Lions Become Latest NFL Team To Cut Back On Concession Prices
Fans going to Lions games at Ford Field this season "won't need as much money for concessions," as the team "unveiled new prices for food and drink," according to Kirkland Crawford of the DETROIT FREE PRESS. At Ford Field this season, a beer "will be $5, a hot dog-soda-chips combo is $10 and a hot dog-beer-chips combo is now $12." For the first 60 minutes after doors open, fans can get a soda for $2, a hot dog for $2, a beer or a cocktail for $3, or a "specialty drink for $5." Doors "ordinarily open at Ford Field two hours before kickoff." The Lions "spent time this spring examining lower concession prices" with concessionaire Levy Restaurants (DETROIT FREE PRESS, 8/15). In Detroit, Justin Rogers notes the Lions are "matching the wildly successful $5 beer pricing" introduced by the Falcons in '17 at Mercedes-Benz Stadium. Levy also "manages the Falcons concessions." Lions President Rod Wood said, "We were looking at it with Levy and trying to learn what we could from what worked in Atlanta ... and adapt it to the best we could" (DETROIT NEWS, 8/15). In Michigan, Kyle Meinke wrote the Lions' new concessions prices are "not quite" what the Falcons are offering, but M-B Stadium also was built "with its low pricing in mind." Ford Field was not "built to handle that kind of volume," but the Lions were able to "make some changes anyway, like installing new point-of-sales systems that speed up turnover" (MLIVE.com, 8/14). Detroit Free Press' Brian Manzullo tweeted, "More stadiums and ballparks need to do this." Detroit-based WILX-NBC's Seth Wells: "I love the change, helps influence fans to get into Ford Field earlier!" Invite Manager VP/Strategic Partnerships Matt Ansis: "Great move and foresee this happening more and more" (TWITTER.com, 8/14).

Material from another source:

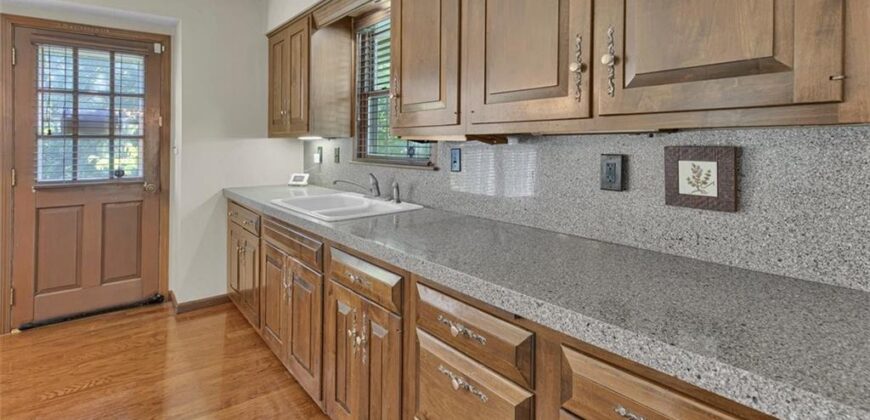 6809 N Agnes Avenue, Gladstone, MO 64119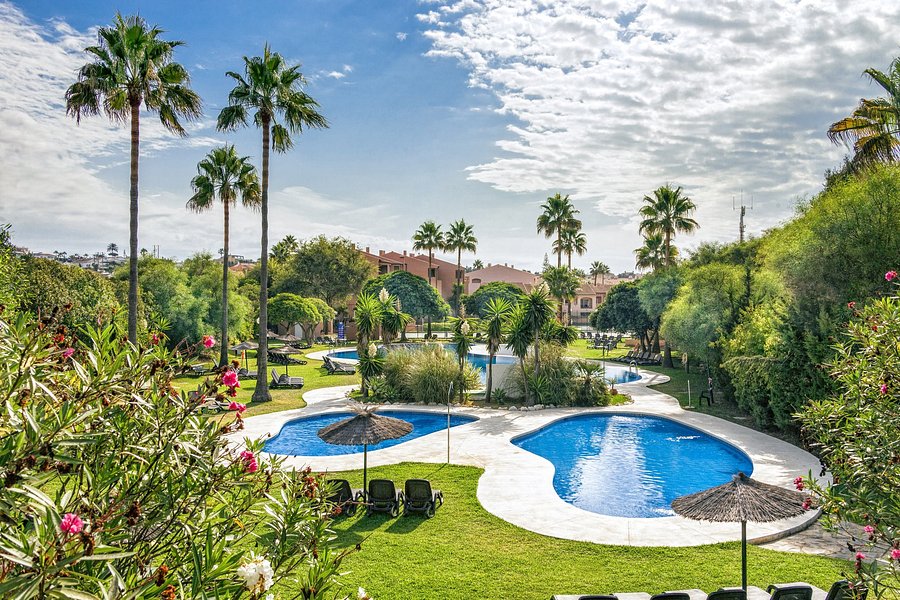 Los Amigos Beach Club 78 1 2 9 Prices Resort Reviews Spain Mijas Costa Del Sol Tripadvisor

HOOKED ON LOW PRICES: In DC, Jacob Bogage noted the Univ. of Texas announced this month it would "slash game-day concessions prices" at Darrell K Royal-Texas Memorial Stadium on "items such as hot dogs (from $5 to $4), popcorn (from $4.50 to $3) and fountain sodas (from $5 to $3)." If UT has success with reduced concessions pricing, Univ. of South Carolina Assistant Professor of Sport & Entertainment Management Nick Watanabe said that it will "spread quickly through the rest of college sports" (WASHINGTONPOST.com, 8/14).